Tonight at an Emergency Council Meeting, the debate over whether President and Treasurer elections for societies should go online finally came to a boil.
The two protagonists of the night were former Sustainability, Engagement and Operations Officer, Zakariya Mohran and this year’s Activities officer Ilyas Morrison.
The whole saga began in December when Morrison sent an email to all society Presidents and Treasurers informing them of the changes to how the elections would be run this year.
The changes would force all societies to have their President and Treasurer elections conducted online instead of via the traditional AGM. At the time at least, the changes would have forced potential candidates for such roles to declare their interest by mid February (whereas traditionally no student would have had to do so till their society’s AGM in mid to late March).
On return to university this year, Morrison wrote a 3,600 word essay to the Presidents and Treasurers in which he outlined that there would now be two online election cycles, with the second cycle running at the same time that the old AGMs would have been held.
However in tonight’s meeting, Mohran proposed the motion that the decision to move these elections online should be reversed (the motion was later amended to giving the option to societies to opt out from online democracy), arguing that smaller societies could be vulnerable to entryism and that the decision was made without consultation.
Morrison stated that online democracy ensured that everyone would be able to vote, and that arguing against this was in fact non-democratic.

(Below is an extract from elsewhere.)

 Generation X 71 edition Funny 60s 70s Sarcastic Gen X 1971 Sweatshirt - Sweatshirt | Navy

Both accused the other of dishonesty and misinformation.
Prominent members of Islamic Society and Union Council which had backed Morrison as a candidate last year, did not say anything to support Morrison (or much at all to be honest). Of the current sabbatical officers in the room, Mark Crawford, Ayo Olatunji, Hamza Jamshaid and Aiysha Qureshi, only Qureshi said anything vaguely supportive.
Morrison was in essence, left to fend for himself. Only Freddie Lynch, the Arts Officer, was vocal in his backing for online democracy.

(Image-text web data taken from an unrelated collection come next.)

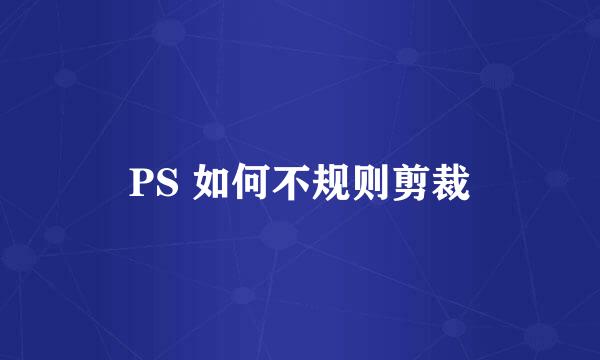 PS 如何不规则剪裁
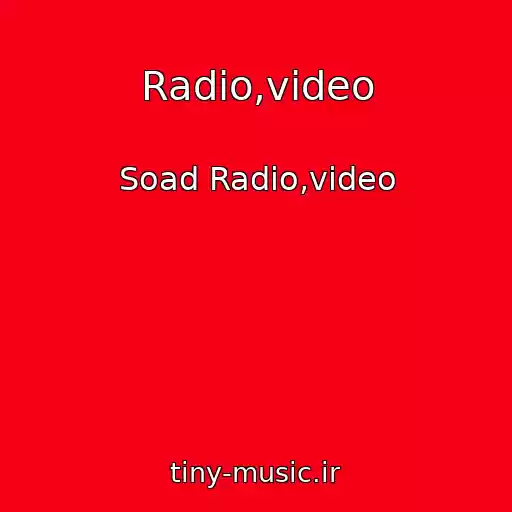 کاور آهنگ Radio,video از Soad Radio,video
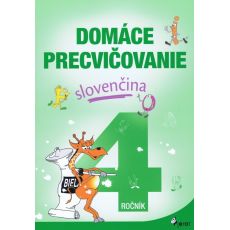 Domáce precvičovanie slovenčina 4
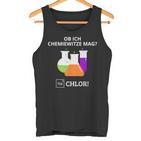 Ob Ich Chemie Witze Mag Na Chlor Chemiker Chemie Tank Top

Morrison was also accused of being under the influence of Alex McKee and Carl Salton-Cox, who are both staff members of the Union.
He alleged that Imperial Union, the students’ union from which both McKee and Salton-Cox had arrived last year, had inflated Imperial’s election turnout numbers by using the same trick of including society election numbers in voter turnout statistics (usually reserved for sabbatical officers and part-time officers). The Union’s marketing team had already printed and distributed hundreds of leaflets advertising these new “Leadership Elections”.
Though Morrison contended vociferously that “staff had no influence” and that the decision was made “under my discretion”.
At the end of the hastily run meeting, the votes were tallied out.
15 voted for the online elections for Presidents and Treasurers to be made opt-out, while 9 voted against. There were two abstentions.